El que se plegara a las más humillantes exigencias del independentismo catalán, incluida la admisión de un mediador que terciara en el supuesto conflicto entre España y Cataluña, hoy pretende erigirse en martillo de soberanistas y máximo guardián de la unidad de España. El que se dejó elegir presidente del Gobierno con los votos de esos mismo independentistas, hoy, crecido y engolado, se llena la boca de España. Quien negoció con la ETA para que hicieran presidenta de Navarra a una correligionaria suya que consiente que el viejo reino sea colonizado por la banda afirma hoy dirigir el único partido capaz de mantener a España unida. Sin embargo, ese partido es, desde la Transición, una amalgama de facciones argamasadas tan sólo por la corrupción y el común propósito de saquear el presupuesto. Si no hubo tiempo para hacer que España acabara como México fue porque porque el Gobierno socialista perdió las elecciones cuando se supo que había fundado una banda terrorista cuyos miembros lo único que hicieron bien, como siempre en el PSOE, fue repartirse la pasta en vez de destinarla a derrotar a la ETA. Si el GAL no hubiera acabado con Felipe González, a lo mejor todavía estábamos bajo la bota del felipismo.

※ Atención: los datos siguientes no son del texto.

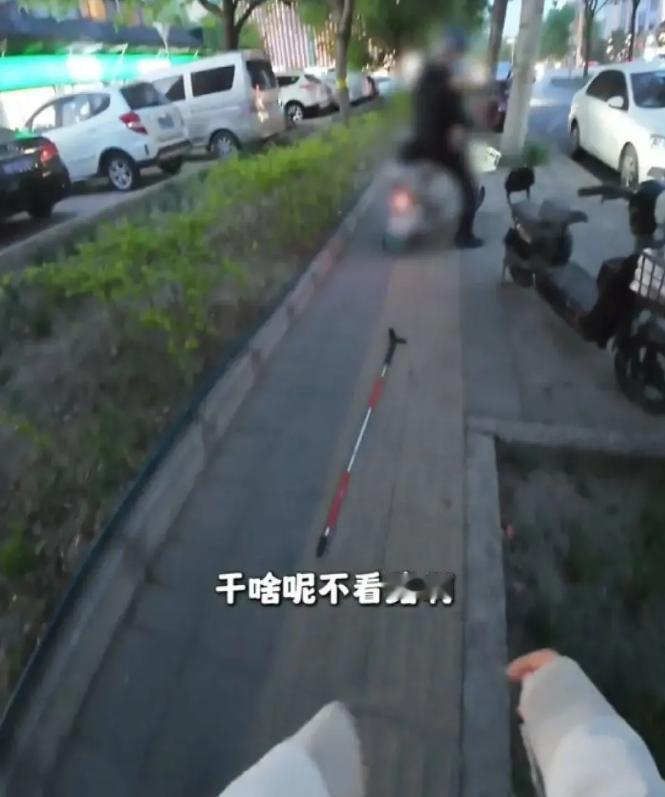 一个盲人姑娘在盲道上被逆行电动车撞倒，还被骑车人骂不看路。她在地上摸索盲杖，委屈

Es evidente que las encuestas de Redondo han detectado en el electorado una creciente preocupación por la unidad de España. No otra explicación hay al evidente propósito de Sánchez de atraerse a los votantes de Vox, que son a quienes parecen dirigidas sus bravatas constitucionalistas de ley y orden. En condiciones normales, en caso de convencerse el PSOE de la necesidad de dar esa pirueta, lo lógico habría sido elegir a otro líder que fuera un creíble defensor del nuevo programa, como por ejemplo el asturiano Javier Fernández. Pero, como estamos en España, el mismo caballo vale para todo. Tan sólo es necesario tener la suficiente cara dura y saber mentir con aplomo. Cuando sobra de esto, no hacen falta ideas.